London Panopticon

londonpanopticon

The London Panopticon utilises the traffic camera feed from the TfL API, which recently added 10-second-long video clips from the traffic cameras on TfL “red route” roads, to show the current state of traffic near you. It loads the latest videos from the nearest camera in each compass direction to you. The images are nearly-live – generally they are up-to-date to within 15 minutes. If the camera is “in use” (e.g. being operated by an official to reprogram the traffic lights, see an incident etc) then it will blank out.
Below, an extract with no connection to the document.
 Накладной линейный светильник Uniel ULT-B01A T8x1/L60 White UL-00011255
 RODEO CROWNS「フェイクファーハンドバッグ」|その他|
The Panopticon continuously loops the video clips, and updates with the latest feed from the cameras every two minutes, the same frequency as the underlying source. If you are not in London or not sharing your location, it will default to Trafalgar Square. I’ve added a special “Blackfriars” one which is where the under-construction Cycle Superhighway North/South and East/West routes converge – during rush hour you can already see bursts of cyclists using the new lanes.

Try it at vis.oobrien.com/panopticon and note that it only works on desktop web browsers (I’ve tested it on Chrome, Firefox and Safari). It does not work on Chrome on Android. It probably uses a lot of bandwidth, so this is perhaps just as well.

I’ve named it after the Panopticon, a concept postulated by Jeremy Bentham, co-founder of University College London, where I work, for easy management of prisons. The Panopticon encourages good behavior, because you can’t see the watcher, so you never know if you are being watched. Kind of like the traffic cameras.